→ **Exercise directions**
From the first record to the last, write out each one exactly.

(Source records)
======

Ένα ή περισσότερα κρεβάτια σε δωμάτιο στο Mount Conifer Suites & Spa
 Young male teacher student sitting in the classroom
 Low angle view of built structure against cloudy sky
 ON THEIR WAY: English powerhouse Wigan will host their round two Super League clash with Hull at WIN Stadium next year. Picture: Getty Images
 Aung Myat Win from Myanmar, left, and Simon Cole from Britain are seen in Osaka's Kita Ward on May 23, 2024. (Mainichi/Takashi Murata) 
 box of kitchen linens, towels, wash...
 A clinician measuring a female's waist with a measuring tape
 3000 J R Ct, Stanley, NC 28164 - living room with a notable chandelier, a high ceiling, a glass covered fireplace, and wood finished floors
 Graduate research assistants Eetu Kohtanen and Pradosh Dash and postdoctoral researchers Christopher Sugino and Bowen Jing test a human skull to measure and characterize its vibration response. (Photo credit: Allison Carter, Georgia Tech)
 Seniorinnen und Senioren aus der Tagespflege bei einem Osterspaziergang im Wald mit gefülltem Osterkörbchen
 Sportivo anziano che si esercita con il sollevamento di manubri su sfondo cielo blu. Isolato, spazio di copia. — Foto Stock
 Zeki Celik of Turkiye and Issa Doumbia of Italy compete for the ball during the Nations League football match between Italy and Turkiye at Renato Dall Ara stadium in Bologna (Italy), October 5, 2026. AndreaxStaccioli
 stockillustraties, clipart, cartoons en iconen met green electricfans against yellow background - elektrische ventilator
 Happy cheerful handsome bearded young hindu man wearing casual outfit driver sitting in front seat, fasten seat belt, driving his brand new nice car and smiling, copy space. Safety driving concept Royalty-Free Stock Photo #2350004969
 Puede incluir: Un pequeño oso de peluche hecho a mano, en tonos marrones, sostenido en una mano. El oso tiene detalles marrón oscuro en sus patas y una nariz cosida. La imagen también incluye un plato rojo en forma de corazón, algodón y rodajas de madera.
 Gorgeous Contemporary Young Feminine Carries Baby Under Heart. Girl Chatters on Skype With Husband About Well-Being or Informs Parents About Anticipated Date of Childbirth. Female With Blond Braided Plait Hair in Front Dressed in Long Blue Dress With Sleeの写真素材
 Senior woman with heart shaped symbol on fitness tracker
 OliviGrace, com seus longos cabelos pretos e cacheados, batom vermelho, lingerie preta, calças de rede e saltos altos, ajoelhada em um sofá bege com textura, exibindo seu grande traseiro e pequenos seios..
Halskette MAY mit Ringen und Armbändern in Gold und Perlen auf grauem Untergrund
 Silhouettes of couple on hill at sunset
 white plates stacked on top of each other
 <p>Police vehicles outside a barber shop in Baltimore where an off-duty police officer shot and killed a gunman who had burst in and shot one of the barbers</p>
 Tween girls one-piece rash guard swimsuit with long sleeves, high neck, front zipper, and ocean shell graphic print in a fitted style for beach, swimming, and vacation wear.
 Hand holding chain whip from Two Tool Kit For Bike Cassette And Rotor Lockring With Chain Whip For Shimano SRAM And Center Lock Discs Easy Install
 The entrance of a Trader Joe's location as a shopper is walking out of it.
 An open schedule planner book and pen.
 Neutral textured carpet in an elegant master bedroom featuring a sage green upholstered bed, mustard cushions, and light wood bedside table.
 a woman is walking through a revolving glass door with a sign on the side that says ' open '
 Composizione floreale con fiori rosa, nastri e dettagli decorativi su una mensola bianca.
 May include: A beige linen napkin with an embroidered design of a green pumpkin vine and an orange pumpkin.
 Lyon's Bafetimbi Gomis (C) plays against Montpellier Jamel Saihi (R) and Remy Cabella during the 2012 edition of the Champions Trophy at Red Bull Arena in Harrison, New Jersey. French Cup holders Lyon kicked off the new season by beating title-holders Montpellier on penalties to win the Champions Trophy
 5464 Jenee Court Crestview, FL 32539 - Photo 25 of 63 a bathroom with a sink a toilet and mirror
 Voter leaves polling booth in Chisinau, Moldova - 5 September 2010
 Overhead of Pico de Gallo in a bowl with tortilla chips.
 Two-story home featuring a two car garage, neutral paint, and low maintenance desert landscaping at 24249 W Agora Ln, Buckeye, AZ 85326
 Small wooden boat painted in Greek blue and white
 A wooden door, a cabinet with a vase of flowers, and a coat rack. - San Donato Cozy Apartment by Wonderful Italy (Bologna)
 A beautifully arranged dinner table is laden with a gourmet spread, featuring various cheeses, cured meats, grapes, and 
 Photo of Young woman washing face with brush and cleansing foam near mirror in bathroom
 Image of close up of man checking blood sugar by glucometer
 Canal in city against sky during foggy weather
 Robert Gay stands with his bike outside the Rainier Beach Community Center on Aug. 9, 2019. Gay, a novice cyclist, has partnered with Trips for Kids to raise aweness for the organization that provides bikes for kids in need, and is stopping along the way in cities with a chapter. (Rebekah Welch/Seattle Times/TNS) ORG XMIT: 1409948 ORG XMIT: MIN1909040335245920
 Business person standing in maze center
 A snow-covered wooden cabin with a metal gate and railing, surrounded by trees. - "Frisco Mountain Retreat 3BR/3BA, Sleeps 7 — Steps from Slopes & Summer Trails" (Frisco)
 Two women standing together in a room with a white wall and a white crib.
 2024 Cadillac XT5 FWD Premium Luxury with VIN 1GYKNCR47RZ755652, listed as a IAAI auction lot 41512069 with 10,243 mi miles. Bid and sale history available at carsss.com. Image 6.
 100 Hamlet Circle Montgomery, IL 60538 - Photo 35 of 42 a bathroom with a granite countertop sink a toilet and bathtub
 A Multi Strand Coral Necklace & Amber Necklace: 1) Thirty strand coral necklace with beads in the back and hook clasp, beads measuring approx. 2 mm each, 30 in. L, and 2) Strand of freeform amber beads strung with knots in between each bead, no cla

======

→ **Exercise response**
Ένα ή περισσότερα κρεβάτια σε δωμάτιο στο Mount Conifer Suites & Spa
 Young male teacher student sitting in the classroom
 Low angle view of built structure against cloudy sky
 ON THEIR WAY: English powerhouse Wigan will host their round two Super League clash with Hull at WIN Stadium next year. Picture: Getty Images
 Aung Myat Win from Myanmar, left, and Simon Cole from Britain are seen in Osaka's Kita Ward on May 23, 2024. (Mainichi/Takashi Murata) 
 box of kitchen linens, towels, wash...
 A clinician measuring a female's waist with a measuring tape
 3000 J R Ct, Stanley, NC 28164 - living room with a notable chandelier, a high ceiling, a glass covered fireplace, and wood finished floors
 Graduate research assistants Eetu Kohtanen and Pradosh Dash and postdoctoral researchers Christopher Sugino and Bowen Jing test a human skull to measure and characterize its vibration response. (Photo credit: Allison Carter, Georgia Tech)
 Seniorinnen und Senioren aus der Tagespflege bei einem Osterspaziergang im Wald mit gefülltem Osterkörbchen
 Sportivo anziano che si esercita con il sollevamento di manubri su sfondo cielo blu. Isolato, spazio di copia. — Foto Stock
 Zeki Celik of Turkiye and Issa Doumbia of Italy compete for the ball during the Nations League football match between Italy and Turkiye at Renato Dall Ara stadium in Bologna (Italy), October 5, 2026. AndreaxStaccioli
 stockillustraties, clipart, cartoons en iconen met green electricfans against yellow background - elektrische ventilator
 Happy cheerful handsome bearded young hindu man wearing casual outfit driver sitting in front seat, fasten seat belt, driving his brand new nice car and smiling, copy space. Safety driving concept Royalty-Free Stock Photo #2350004969
 Puede incluir: Un pequeño oso de peluche hecho a mano, en tonos marrones, sostenido en una mano. El oso tiene detalles marrón oscuro en sus patas y una nariz cosida. La imagen también incluye un plato rojo en forma de corazón, algodón y rodajas de madera.
 Gorgeous Contemporary Young Feminine Carries Baby Under Heart. Girl Chatters on Skype With Husband About Well-Being or Informs Parents About Anticipated Date of Childbirth. Female With Blond Braided Plait Hair in Front Dressed in Long Blue Dress With Sleeの写真素材
 Senior woman with heart shaped symbol on fitness tracker
 OliviGrace, com seus longos cabelos pretos e cacheados, batom vermelho, lingerie preta, calças de rede e saltos altos, ajoelhada em um sofá bege com textura, exibindo seu grande traseiro e pequenos seios..
Halskette MAY mit Ringen und Armbändern in Gold und Perlen auf grauem Untergrund
 Silhouettes of couple on hill at sunset
 white plates stacked on top of each other
 <p>Police vehicles outside a barber shop in Baltimore where an off-duty police officer shot and killed a gunman who had burst in and shot one of the barbers</p>
 Tween girls one-piece rash guard swimsuit with long sleeves, high neck, front zipper, and ocean shell graphic print in a fitted style for beach, swimming, and vacation wear.
 Hand holding chain whip from Two Tool Kit For Bike Cassette And Rotor Lockring With Chain Whip For Shimano SRAM And Center Lock Discs Easy Install
 The entrance of a Trader Joe's location as a shopper is walking out of it.
 An open schedule planner book and pen.
 Neutral textured carpet in an elegant master bedroom featuring a sage green upholstered bed, mustard cushions, and light wood bedside table.
 a woman is walking through a revolving glass door with a sign on the side that says ' open '
 Composizione floreale con fiori rosa, nastri e dettagli decorativi su una mensola bianca.
 May include: A beige linen napkin with an embroidered design of a green pumpkin vine and an orange pumpkin.
 Lyon's Bafetimbi Gomis (C) plays against Montpellier Jamel Saihi (R) and Remy Cabella during the 2012 edition of the Champions Trophy at Red Bull Arena in Harrison, New Jersey. French Cup holders Lyon kicked off the new season by beating title-holders Montpellier on penalties to win the Champions Trophy
 5464 Jenee Court Crestview, FL 32539 - Photo 25 of 63 a bathroom with a sink a toilet and mirror
 Voter leaves polling booth in Chisinau, Moldova - 5 September 2010
 Overhead of Pico de Gallo in a bowl with tortilla chips.
 Two-story home featuring a two car garage, neutral paint, and low maintenance desert landscaping at 24249 W Agora Ln, Buckeye, AZ 85326
 Small wooden boat painted in Greek blue and white
 A wooden door, a cabinet with a vase of flowers, and a coat rack. - San Donato Cozy Apartment by Wonderful Italy (Bologna)
 A beautifully arranged dinner table is laden with a gourmet spread, featuring various cheeses, cured meats, grapes, and 
 Photo of Young woman washing face with brush and cleansing foam near mirror in bathroom
 Image of close up of man checking blood sugar by glucometer
 Canal in city against sky during foggy weather
 Robert Gay stands with his bike outside the Rainier Beach Community Center on Aug. 9, 2019. Gay, a novice cyclist, has partnered with Trips for Kids to raise aweness for the organization that provides bikes for kids in need, and is stopping along the way in cities with a chapter. (Rebekah Welch/Seattle Times/TNS) ORG XMIT: 1409948 ORG XMIT: MIN1909040335245920
 Business person standing in maze center
 A snow-covered wooden cabin with a metal gate and railing, surrounded by trees. - "Frisco Mountain Retreat 3BR/3BA, Sleeps 7 — Steps from Slopes & Summer Trails" (Frisco)
 Two women standing together in a room with a white wall and a white crib.
 2024 Cadillac XT5 FWD Premium Luxury with VIN 1GYKNCR47RZ755652, listed as a IAAI auction lot 41512069 with 10,243 mi miles. Bid and sale history available at carsss.com. Image 6.
 100 Hamlet Circle Montgomery, IL 60538 - Photo 35 of 42 a bathroom with a granite countertop sink a toilet and bathtub
 A Multi Strand Coral Necklace & Amber Necklace: 1) Thirty strand coral necklace with beads in the back and hook clasp, beads measuring approx. 2 mm each, 30 in. L, and 2) Strand of freeform amber beads strung with knots in between each bead, no cla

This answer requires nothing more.